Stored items
================

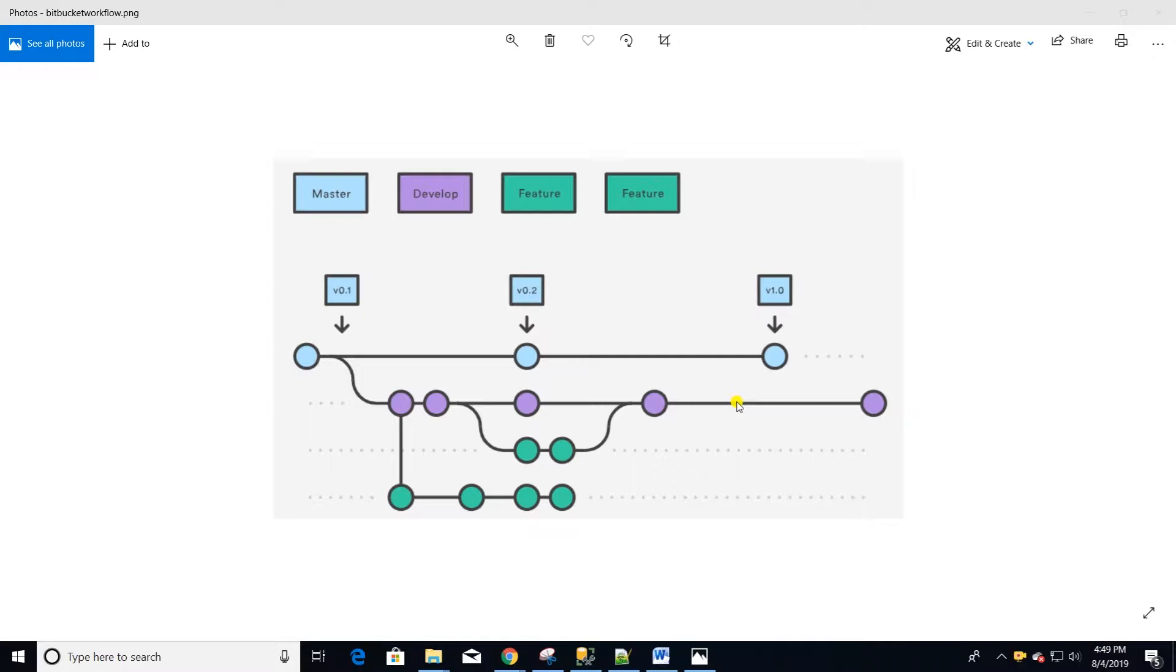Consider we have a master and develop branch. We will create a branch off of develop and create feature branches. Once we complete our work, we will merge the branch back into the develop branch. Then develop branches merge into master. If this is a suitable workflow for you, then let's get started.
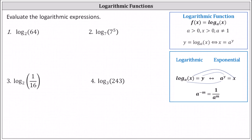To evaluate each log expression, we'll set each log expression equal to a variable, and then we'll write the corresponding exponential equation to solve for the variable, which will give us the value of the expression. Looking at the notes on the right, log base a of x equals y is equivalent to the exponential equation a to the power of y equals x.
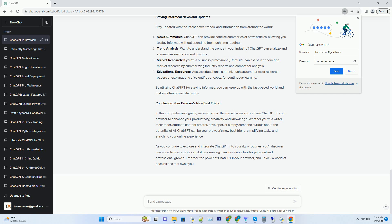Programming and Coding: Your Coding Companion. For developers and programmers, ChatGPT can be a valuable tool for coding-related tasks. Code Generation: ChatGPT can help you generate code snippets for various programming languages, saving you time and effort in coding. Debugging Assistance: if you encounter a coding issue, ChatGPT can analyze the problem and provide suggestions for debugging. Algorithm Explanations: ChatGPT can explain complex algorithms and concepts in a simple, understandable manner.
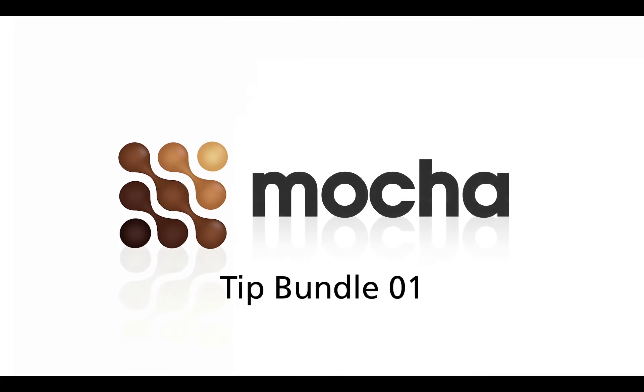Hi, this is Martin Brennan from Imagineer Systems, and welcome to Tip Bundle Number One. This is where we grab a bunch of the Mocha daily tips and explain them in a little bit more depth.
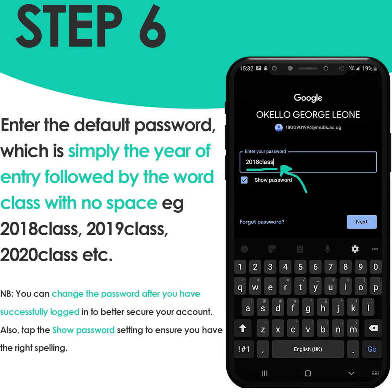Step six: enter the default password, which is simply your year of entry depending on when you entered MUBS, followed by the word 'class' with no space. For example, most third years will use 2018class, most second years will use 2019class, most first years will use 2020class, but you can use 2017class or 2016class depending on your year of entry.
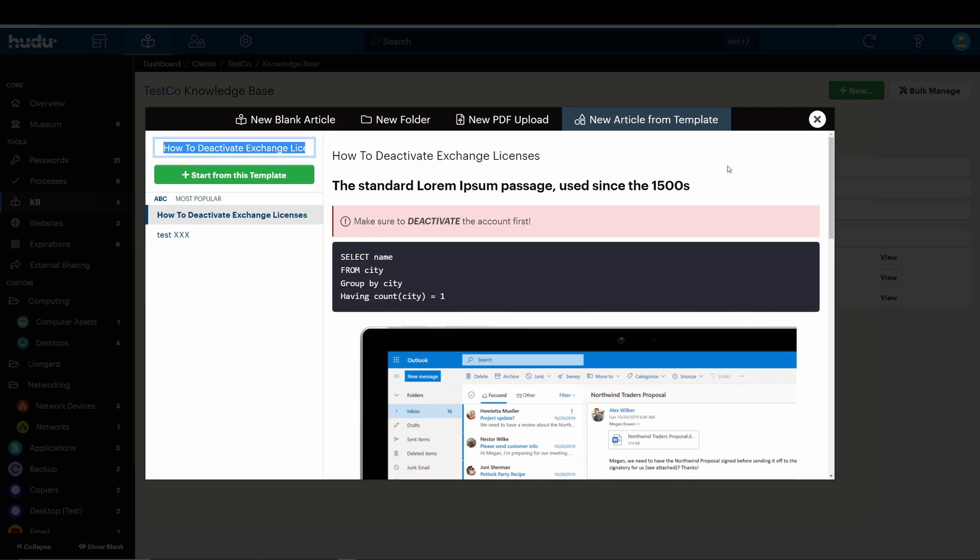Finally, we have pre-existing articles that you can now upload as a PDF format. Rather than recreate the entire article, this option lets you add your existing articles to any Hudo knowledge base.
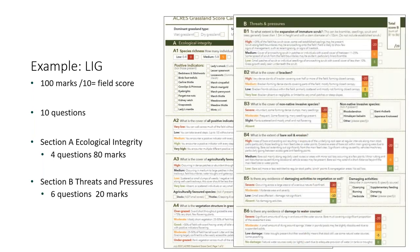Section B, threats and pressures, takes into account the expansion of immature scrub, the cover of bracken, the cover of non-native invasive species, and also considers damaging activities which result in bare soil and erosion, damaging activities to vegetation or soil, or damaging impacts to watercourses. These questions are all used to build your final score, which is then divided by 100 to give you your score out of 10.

================

*Directions for this task*.
For this answer, return word for word the lines from the first line of the records through the line containing "Programming and Coding: Your". Omit the pictures.

*Result of this task*.
Consider we have a master and develop branch. We will create a branch off of develop and create feature branches. Once we complete our work, we will merge the branch back into the develop branch. Then develop branches merge into master. If this is a suitable workflow for you, then let's get started.
To evaluate each log expression, we'll set each log expression equal to a variable, and then we'll write the corresponding exponential equation to solve for the variable, which will give us the value of the expression. Looking at the notes on the right, log base a of x equals y is equivalent to the exponential equation a to the power of y equals x.
Programming and Coding: Your Coding Companion. For developers and programmers, ChatGPT can be a valuable tool for coding-related tasks. Code Generation: ChatGPT can help you generate code snippets for various programming languages, saving you time and effort in coding. Debugging Assistance: if you encounter a coding issue, ChatGPT can analyze the problem and provide suggestions for debugging. Algorithm Explanations: ChatGPT can explain complex algorithms and concepts in a simple, understandable manner.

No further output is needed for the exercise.